5.9.09

< Marian Salzman >

















slack to the future

By Wendy Cavenett


The future for Australia will be a dazzling collision of cyberlove, gender blurring and precision shopping, according to cultural soothsayer, Marian Slazman. But, as she warns in NEXT: Trends for the Future, we may be too busy gazing overseas to notice.

Advertising in the late ‘90s has become a sophisticated science of persuasion. Coca-Cola is the world’s most popular soft drink (it is consumed 900 million times a day) and despite being more than a century old, has survived the anything goes mantra of the ‘90s by appealing to the consumer paradox of nostalgia and futurism. It’s a marriage of the extremes according to American trendspotter, Marian Slazman and, like the times, reflects an era of confusion as we leave the slipstream of one millennium to enter the uncertainty of the next.

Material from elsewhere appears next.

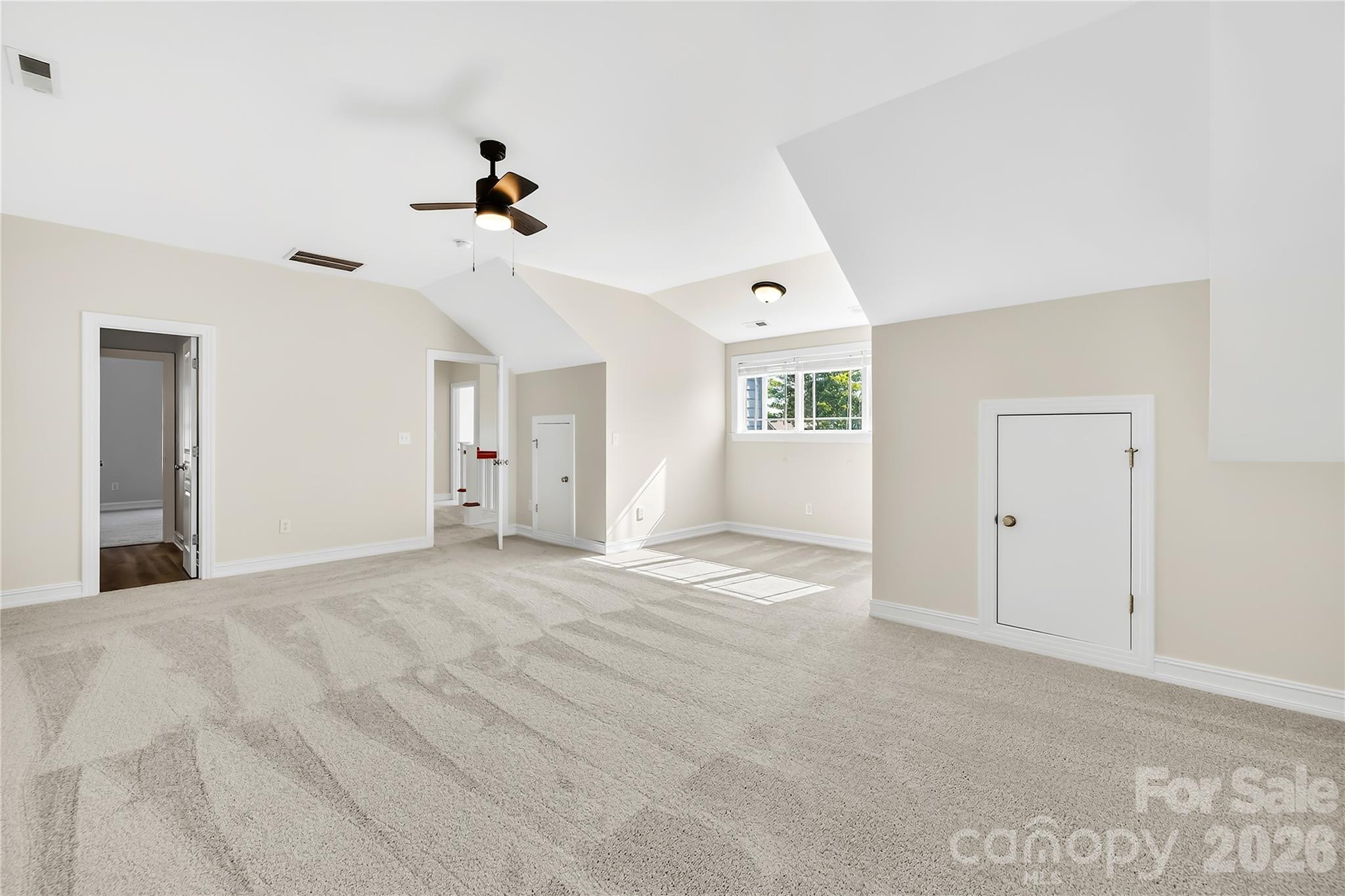 Cornelius, North Carolina, 28031, United States, 4 Bedrooms Bedrooms, ,4 BathroomsBathrooms,Residential,For Sale,2045190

The word next is an important one as far as Salzman’s 13th book is concerned. Co-authored with Ira Matathia and assisted by the “virtual team” of Ann O’Reilly and Christy Lane Plummer, NEXT: Trends for the Future is a veritable travelogue of what we can expect in the “future next”, based on trends emerging in the present.

Predictions include more silicon sex (relationships with our computers including cybersex, on-line pornography, computerised sex toys), lifestyles aligned with new virtual technologies, increased feelings of anxiety and impermanence and even less privacy than we experience now. Relationships are also redefined, health, mind and body purification become more popular while parenting will be touted as the “most important profession of this decade”.

The Big Nexts (the megatrends that will affect everybody) include the decline of America’s global supremacy, the emergence of a true United States of Europe, living life at hyperspeed while craving simplicity and the end of the dominance of the English language.

There are also just plain Nexts, key trends that are “influencing the influencers” and What’s Nexts, reflections and speculations about possible future trends. And there is plenty of cyber-lingo to contend with. Expect to read about such things as message layering, culture swapping, cyberlove, cuspers, gender blurring and precision shopping.

As Director of the Future Brands Group for Young & Rubicam in New York, Salzman is the progeny of decades of feminism and American superpower status. Designer clothes and preened superficiality just aren’t, it seems, part of the equation. Jeans, t-shirt, little or no make-up and dishevelled blonde hair are what this Harvard graduate of 39 considers normal in today’s corporate America. “This is my usual work attire,” she says breezily. “This is what we all wear.”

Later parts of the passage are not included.